Pragmatism demands that Indian Muslims should not compare their circumstances with that of the Dalits, for now. In the Kashi Mahajan case (2018), it was held that a preliminary inquiry would be conducted before filing a FIR under the Scheduled Castes Scheduled Tribes (Prevention of Atrocities) Act, 1989. After a largescale protest spearheaded by the Dalits, the Supreme Court, in the Prathvi Raj Chauhan vs. Union of India case, in 2019, “recalled its direction”. Muslim citizens cannot afford to do a Bharat Bund like the Dalits did.

The Supreme Court has explicitly noted that its Ayodhya judgment is a balancing act that seeks to end a festering issue, and that its conclusions are in the fitness of justice, peace and tranquillity. Would a review be a prudent option, given this and the overall climate of majoritarian hatred?

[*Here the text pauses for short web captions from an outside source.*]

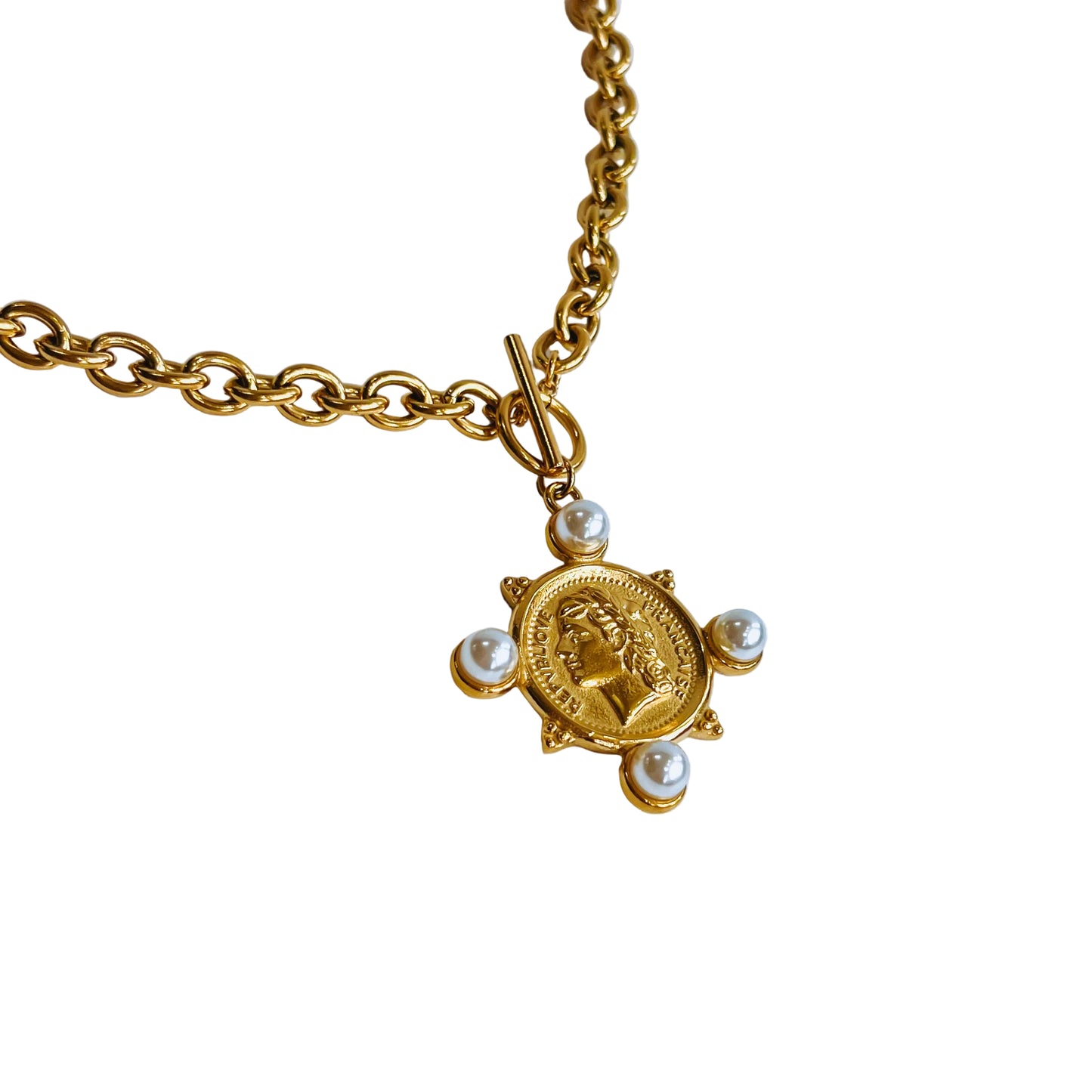 Gold necklace with a  gold coin pendant surrounded by small pearls on a white background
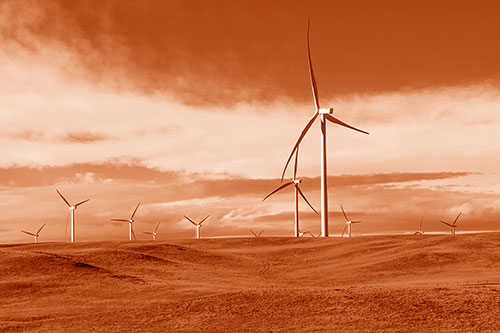 Wind Turbine Cluster Overtaking Hilly Horizon (Orange Shade Photo)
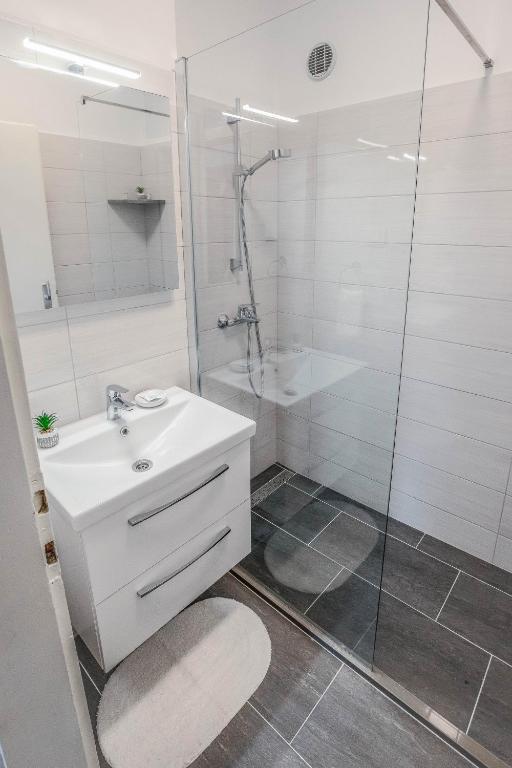 a bathroom with a white sink and a shower at Ana Guesthouse in Dubrovnik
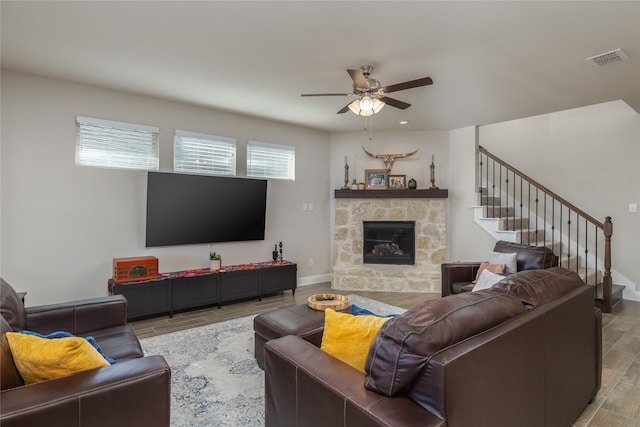 living room with ceiling fan and a stone fireplace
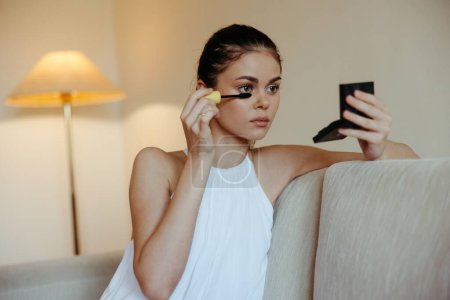 Foto de Una mujer en casa se mira en el espejo y aplicar maquillaje pestañas rímel tinte, concepto de belleza, el cuidado de la piel problema con el acné. Foto de alta calidad - Imagen libre de derechos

Right after the Ayodhya judgment, the cry to “reclaim” two mosques at Kashi and Mathura have raised their head again. True, the Places of Worship (Special Provisions) Act, 1991, is in place, preventing this. But, are Indians certain that there will be no violation of it? 

After all, none of the accused in the Babri Masjid demolition cases have been brought to book even though the title suit has been fast-tracked. The huge misgiving is that the Srikrishna Report lays the culprits of that demolition bare, whereas some Muslim culprits in the subsequent Mumbai bomb blast cases have been given the death penalty. The glaring shifts in the scales of justice should bring caution to those seeking a review.

The Indian brand of secularism and long-held composite culture are still to be considered the edifice on which the 1991 Act stands. Secularism is part of the basic structure of India’s Constitution, which is unamendable. At least this bulwark would hopefully allow those who have apprehensions about the other two mosques a reason to sigh in relief.

India’s Muslims should struggle to be hopeful. Dr BR Ambedkar had said that no matter how good a Constitution may be, “it is sure to turn out bad because those who are called to work it, happen to be a bad lot. However bad a Constitution may be, if may turn out to be good if those who are called to work it happen to be a good lot.”

Let civil society and citizen’s rights activists work towards safeguarding the Constitution. Majoritarianism will meet its own nemesis sooner or later. Keeping that hope alive, even against hope, seems to be the only way out at the moment. 

 

Zeeshan Ahmad is a student of law and Mohammad Sajjad is a professor of history at Aligarh Muslim University. The views are personal.